Another small wonder I've studied is the "lake ball" of Lake Bemidji. Cladophora aegagropila (more recently classified as Aegagropila linnaei) is a coarse-walled, branching filamentous green alga that forms rocklike aggregates, rolled by wave action along sandy shorelines, much like a scouring pad put in a rock tumbler.

Sponges, mosses, cyanobacteria, cockleburs, chestnuts, and other round forms found along shore may also be called lake balls. But true Cladophora balls, like those of Lake Bemidji, appear to be rare or nonexistent elsewhere in North America.

Yet lake balls are common in parts of Europe and Asia, and usually bigger than the ones in Lake Bemidji, which are less than an inch in diameter. In Japan, where they are called marimo, lake balls have been given Special Natural Monument status and are thus protected. They are also found in Lake Mývatn, Iceland, where they are known as Kúluskítur. Strangely, the lake ball populations found in Lake Bemidji, Japan, and Iceland appear to be the same genetically, but they differ from those of Austria, Estonia, Russia, and Sweden.

How much do we really know about the life that exists around us? How many creatures are out there? What are they doing? How long have they been doing it? Why? I doubt we will ever know for sure. But from my standpoint, one of the most gratifying human experiences is to keep looking.

Does our survival depend on other creatures? If so, which ones? Oops, are we sure? Who's to say, since we don't know what creatures are out there or what they might be doing?

My greatest fear is that two classical branches of biology—natural history and organismal biology—could disappear if the patient, often plodding observation needed for such biology is no longer respected as a worthwhile endeavor.

And yet new discoveries are to be found everywhere, even in places one would least expect to encounter them. For example, a few years ago, a colleague and I did biological inventories of several abandoned mine sites and discovered a diatom that apparently had not been previously described. We named the new diatom Pinnularia (meaning "feather") ferroindulgentissima ("very loving of iron"). It certainly is one tough critter.
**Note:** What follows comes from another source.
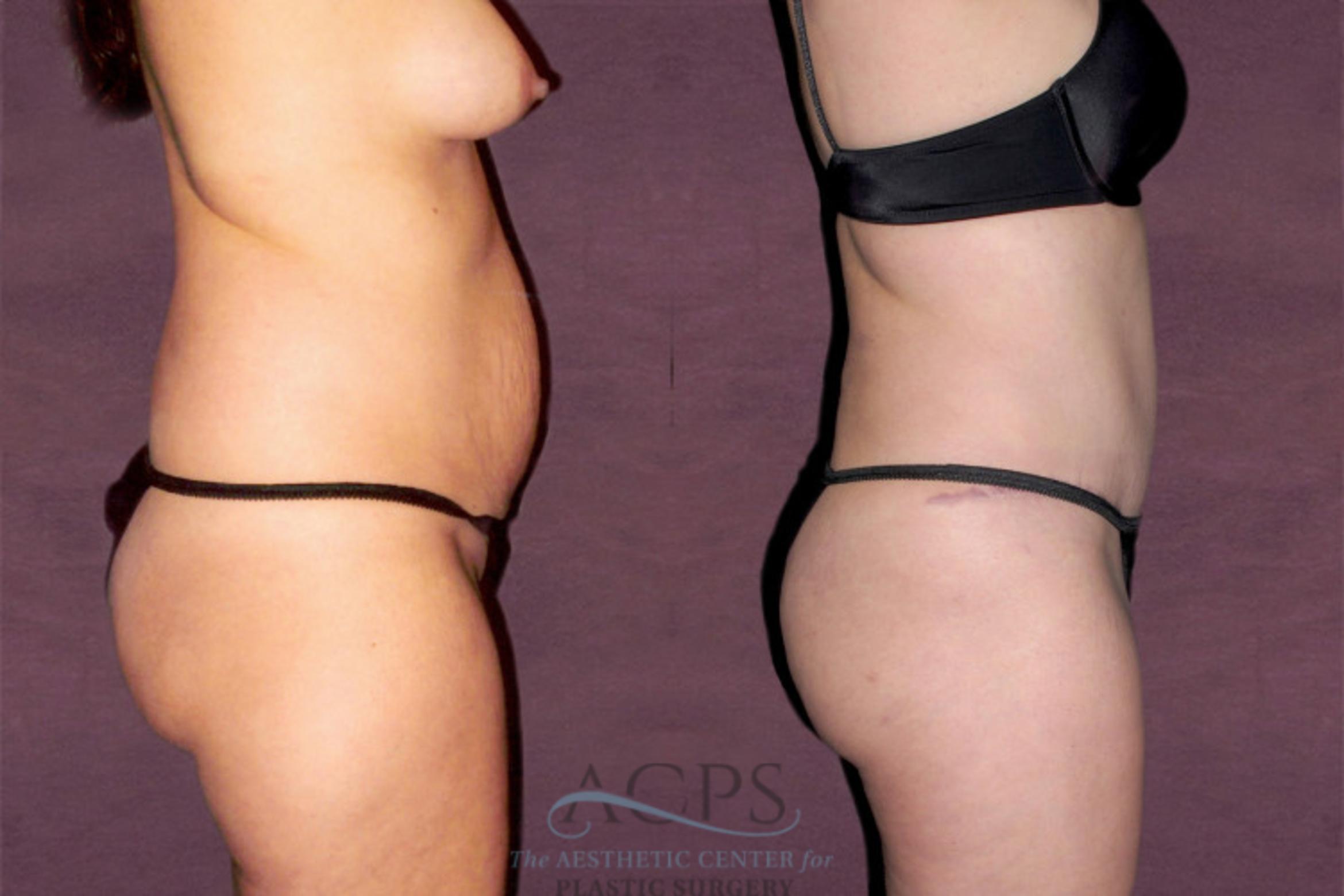 Before & After Tummy Tuck Case 151 Side Right View: View in Houston, TX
So if you want to have some fun, take time to just look around. Get to know your biotic neighbors, large and small. Take an "ology" course, one that lets you see creatures where they live. Then take a peek through a microscope. A whole new universe awaits you.

David Czarnecki died this past May. He was professor of biology and curator of the Freshwater Diatom Culture Collection at Loras College in Dubuque, Iowa, and visiting summer professor at the University of Minnesota's Itasca Biological Station and Laboratories in Itasca State Park.